BULAWAYO - Crisis-hit Zimbabwe faces its worst food shortages yet with this year's harvest expected to meet only 30 to 50 percent of national requirement, according to the Famine Early Warning System Network (FEWSNET).
FEWSNET is a United States Agency for International Development (USAID) network for monitoring hunger, food availability and shortages across the globe.
In its latest food outlook report on Zimbabwe covering the period from March to July 2007, the network said widespread crop failure caused by poor rainfall and a long running economic crisis had combined to drastically slash food production in the southern African country.
"Moderate and severe levels of food insecurity will occur in many households throughout the country, but especially in the south, and emergency assistance will be required from about July for an unspecified number of beneficiaries countrywide," the report reads in part.
FEWSNET said about 1.5 million people out of the 12 million Zimbabweans were in need of urgent food aid and said the number of hungry people would rise in the coming months and peak around early 2008 when the network said food shortages would worsen to levels not seen in recent years.
Relief agencies led by the Zimbabwe Red Cross reported at the beginning of the year that they were feeding 1.3 million Zimbabweans.
President Robert Mugabe's government has already declared 2007 a drought year but the cash-strapped Harare-administration has not made a formal appeal to the United Nations for the world body to institute an international appeal for food for Zimbabwe.
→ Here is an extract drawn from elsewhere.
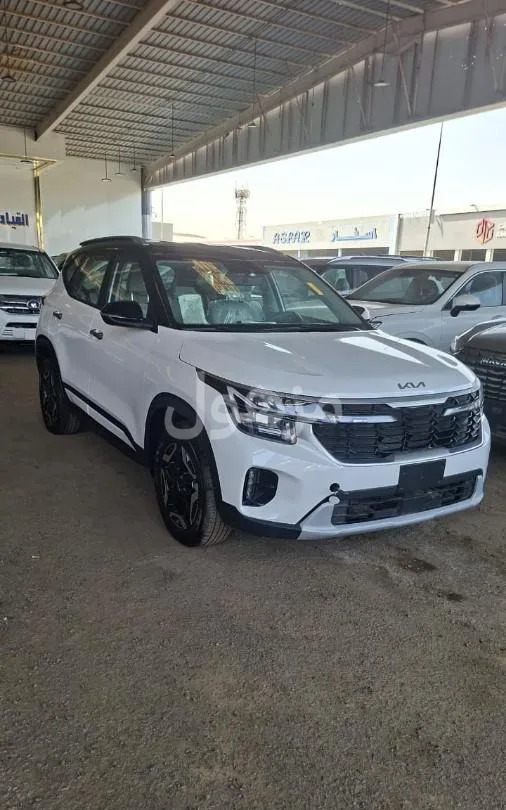 Kia Seltos 2025, Mid Option, Front Screen, Rear Camera - Dammam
However, neighbouring Malawi last week announced it had agreed a deal to sell 400 000 tonnes of maize to Zimbabwe.
Zimbabwe, which also had one of the most vibrant economies in Africa, was a regional breadbasket but has had to survive largely on handouts from international food agencies since Mugabe began seizing commercial farms from whites for redistribution to landless blacks.
Failure by the government to provide resources and skills training for black villagers resettled on white farms saw agricultural production plummeting by about 30 percent, causing food shortages and also crippling Zimbabwe's manufacturing sector that largely depended on the farming sector for inputs.
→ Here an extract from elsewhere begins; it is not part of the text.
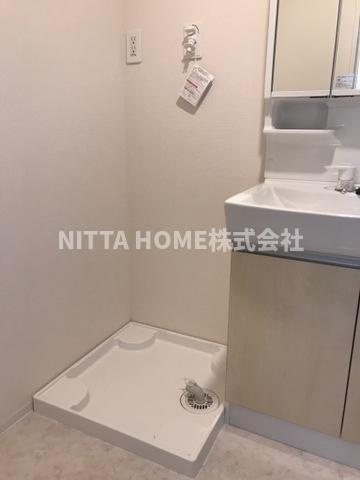 クローバー（Clover）の洗面所|室内洗濯機置場も設置済み＊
FEWSNET said: "Deteriorating macro economic conditions have further exacerbated food insecurity as households are unable to access adequate amounts of food.
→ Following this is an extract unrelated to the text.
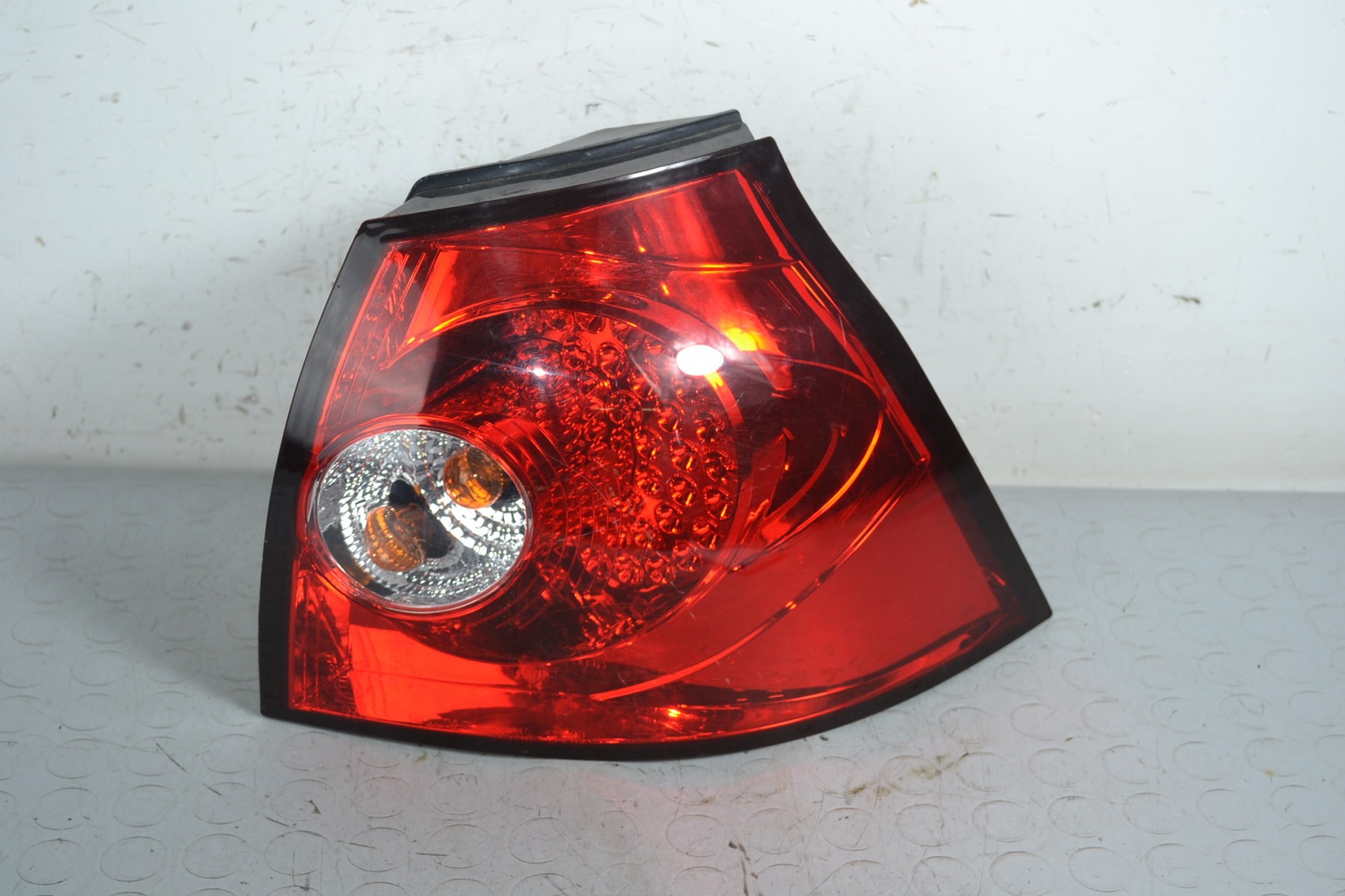 Fanale Stop Posteriore Esterno DX Led Volkswagen Golf V dal 2003 al 2008  1647446265328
"The situation is not expected to improve much in the drier south of the country as this year's harvests have mostly failed due to the poor rains. The most affected provinces include Masvingo, Midlands and North and South Matabeleland."
Zimbabwe requires about two million tonnes of maize for annual consumption but estimates show that this year's harvest will total a mere 400 000 tonnes maize, the country's main staple food.
Apart from food shortages, Zimbabweans also have to contend with inflation of 2 200 percent and the highest in the world, unemployment above 80 percent and shortages of essential medicines, electricity, fuel and hard cash.